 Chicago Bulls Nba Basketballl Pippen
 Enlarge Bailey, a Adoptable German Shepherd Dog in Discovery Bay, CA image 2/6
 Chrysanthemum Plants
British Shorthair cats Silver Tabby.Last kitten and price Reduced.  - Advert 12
* * *
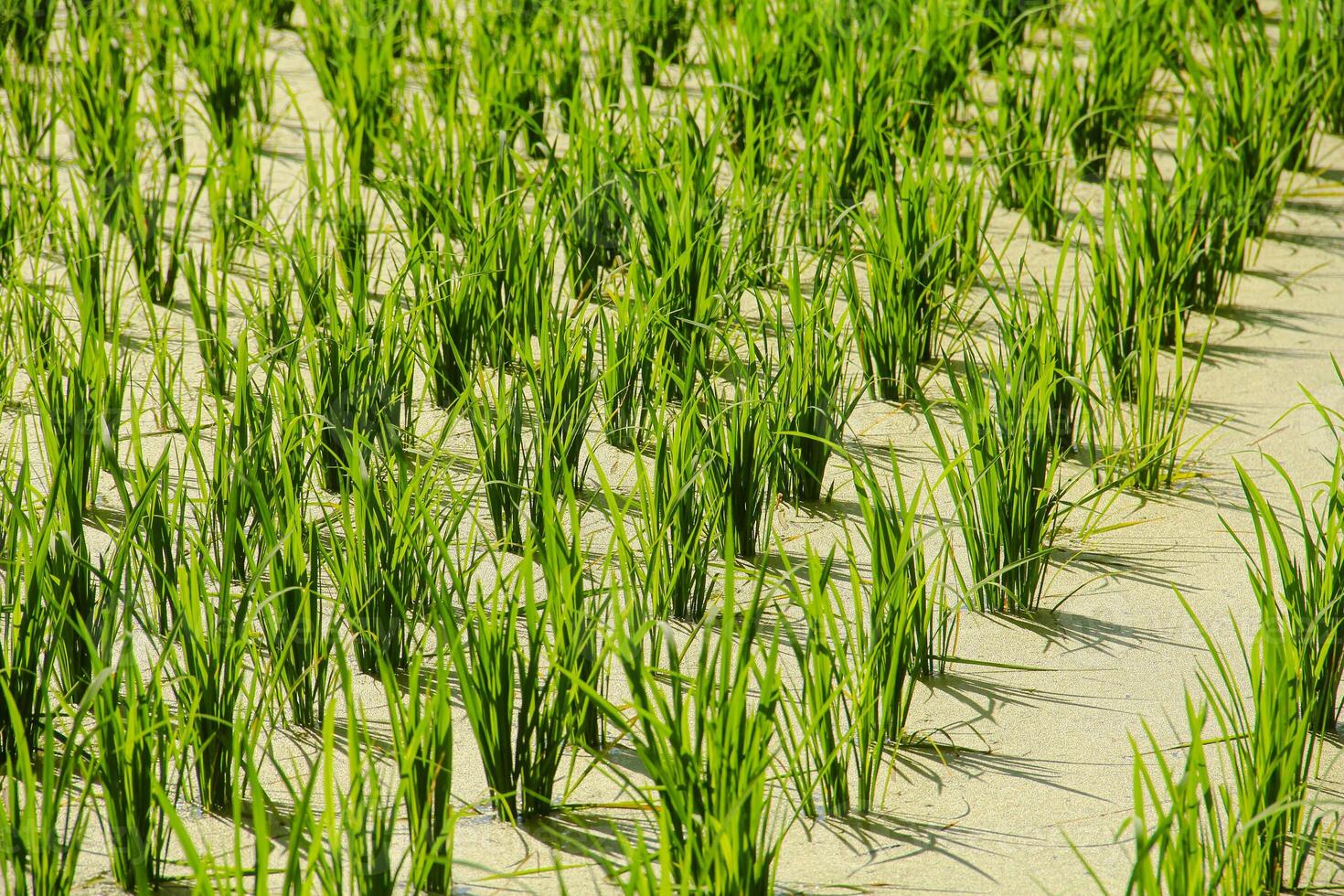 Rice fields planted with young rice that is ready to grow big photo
==
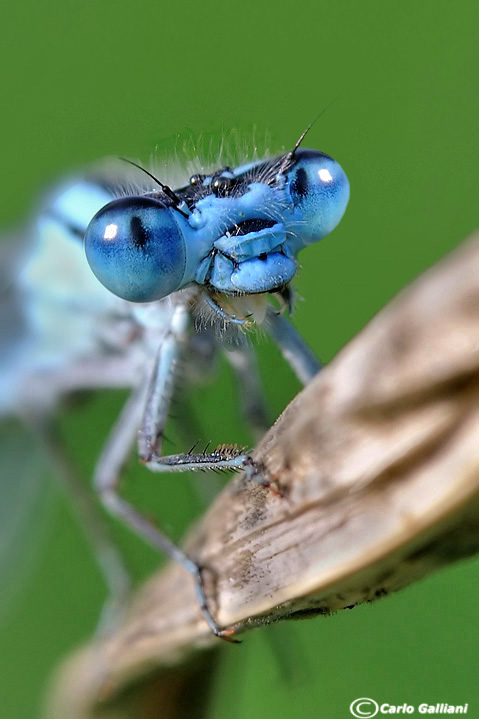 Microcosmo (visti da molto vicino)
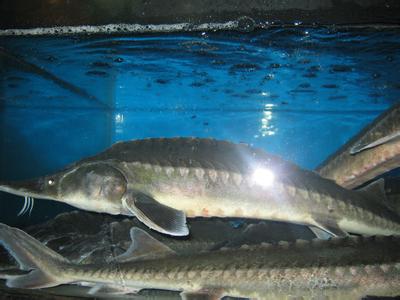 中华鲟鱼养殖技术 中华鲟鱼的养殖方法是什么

**Problem description:**
Copy exactly the stretch of data above from the line with "Chrysanthemum Plants" through the line with "British Shorthair cats", and omit all other lines.

**Answer below:**
 Chrysanthemum Plants
British Shorthair cats Silver Tabby.Last kitten and price Reduced.  - Advert 12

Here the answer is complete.